Richard Magnuson, a landscape designer specializing in rooftop plantings in windy Boston, finds that in his line of work, winter wrapping is a do-or-die decision. First, he carefully applies an antidesiccant to evergreens in November. That stopgap measure buys a little time while he puts the finishing touches on autumn clean-up. In December, he starts wrapping. He makes a framework of sturdy bamboo stakes and then swaddles the evergreens in burlap—he buys rolls for the purpose. The seams are woven together with jute and tied firm. Then, to add a finishing touch, he winds strings of holiday lights with fresh grapevine he finds in the woods, securing the ends of the grapevine in the soil. Voila! He’s got something totally festive and fabulous to behold. But most importantly, he’s securely preserved his precious Alberta spruce, boxwoods, and the like for the coming year.

Wrapping is taken an extra mile in the Connecticut garden of Linda Allard (the recently retired director of design at Ellen Tracy, one of the worlds top fashion houses), too. There, Bud Burgess bends electrical tubing in circles to make hoops that act as a foundation for wrapping up the topiary roses. He screws them together, puts plywood underneath, covers them with burlap, overlaps the seams, and staples in the burlap to form balloons. The whole space alien-style get-up is secured with wires to keep it earth-bound against the prevailing winds.


Certain shrubs are like chocolate for deer. Yew and chamaecyparis, for example, are notoriously at risk. But nothing is really safe, because deer tend to increase their menu on an annual basis, adding trees and shrubs that they formerly avoided. Although viburnum buds and pine or hemlock foliage might not be on the dining A-list, they can become a target for marauding browsers when times are lean.

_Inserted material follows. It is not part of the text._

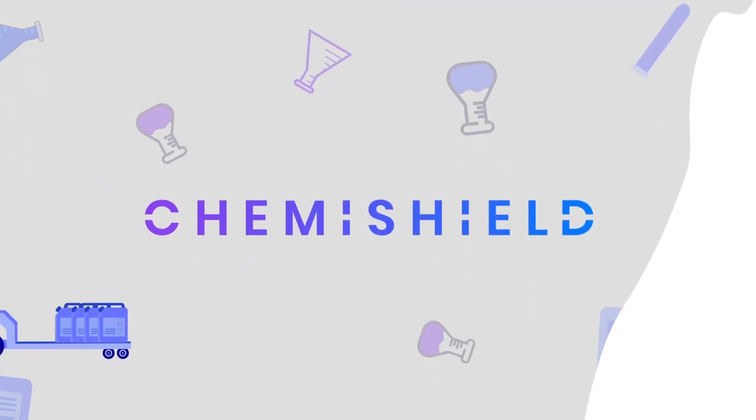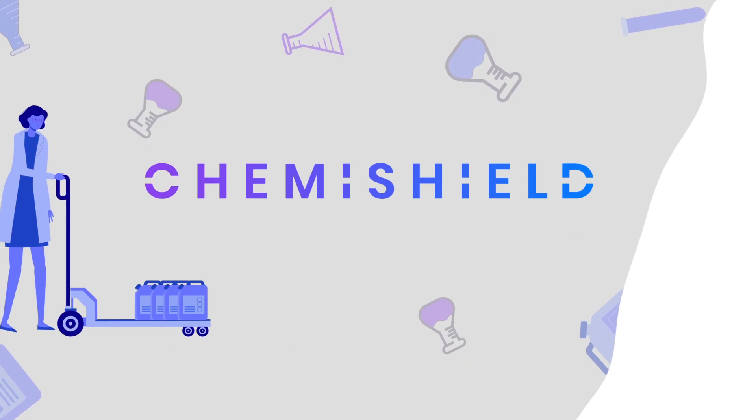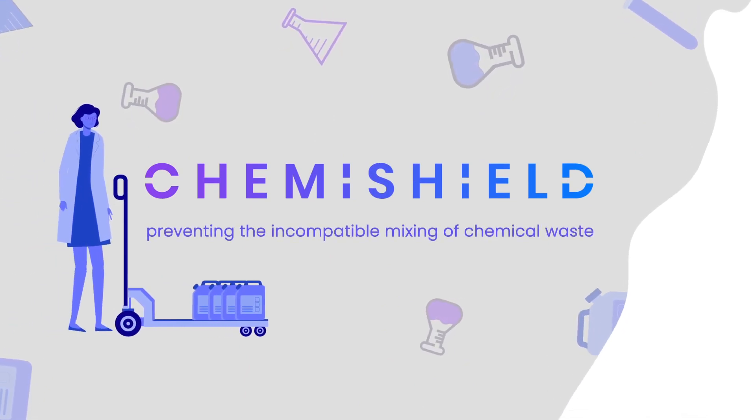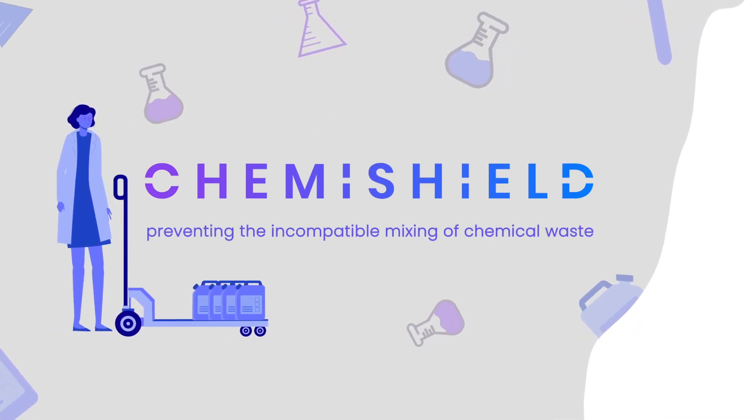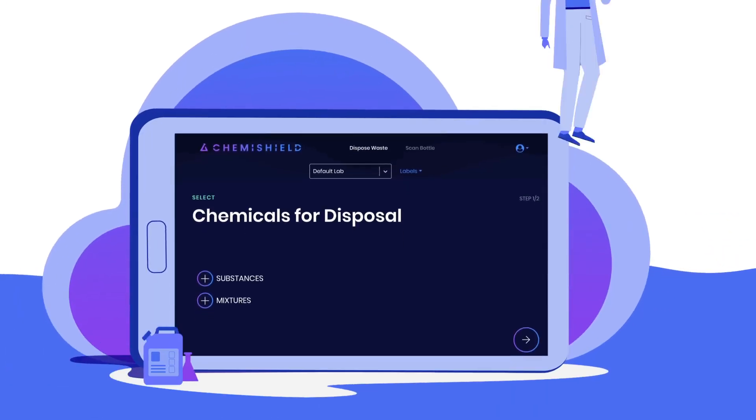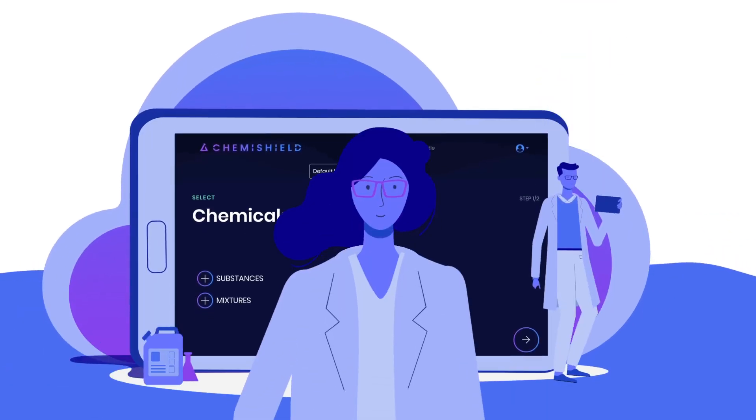Chemishield is a powerful hazardous waste management system that prevents the incompatible mixing of chemical waste. Our cloud-based platform will make disposing of your chemical waste easier and safer by removing the chances of human error.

So, when faced with deer, some gardeners take wrapping a step further, employing chicken wire cages. These can be put in place from late autumn through winter, stored over the summer, and kept for future seasons. At Innisfree Garden, also in Millbrook, cages are custom made for each shrub—the only problem being that shrubs tend to grow out of their clothes, just like teenagers. A constant hand-me-down system makes frames reusable.


For all the protection wrapping offers, it also poses a few quandaries. First, evergreens are often grown specifically for their winter interest, so covering them seems counterintuitive. And, because wrappings provide a cushy shelter for little furry things seeking protection, they can court rodent damage, especially if applied before the ground freezes solidly. Time constraints often dictate what you do and do not protect.

It’s a delicate balance between ensuring that a shrub isn’t under peril versus partaking of its winter perks. If you’re dying to grow something that isn’t rock-solid hardy, you’ve got to weigh the risks. In colder regions, the risks are increased. Nancy Rose, horticulturist and educator with the University of Minnesota Extension Service and co-author of Growing Shrubs and Small Trees in Cold Climates, is a proponent of a defense strategy known as the Minnesota tip method. It’s especially popular for tender roses (hybrid teas definitely qualify for aid). Far North gardeners go out in mid-October, loosen the root system of the rose, dig a trench about one foot deep on one side of the plant, tip the canes over, and lay them in the trench. The cane is then insulated with straw (hollow straw stems tend to act particularly efficiently as insulation) or overlapping plastic bags of dried leaves, and the shallow grave is mounded with soil. In mid-April, gardeners dig up their roses and hope for the best.

Not everyone need go to the extremes that they do in Minnesota. Many gardeners check the long-range forecasts when it comes to winter roulette and decide they want to merely add a thick layer of mulch (which should always be applied after the ground freezes solid, to prevent rodent damage). As Nancy Rose points out, she grows in a climate that barely qualifies as USDA Zone 4 and sees temperatures that plummet to 25 below. And you thought that your roses have it tough.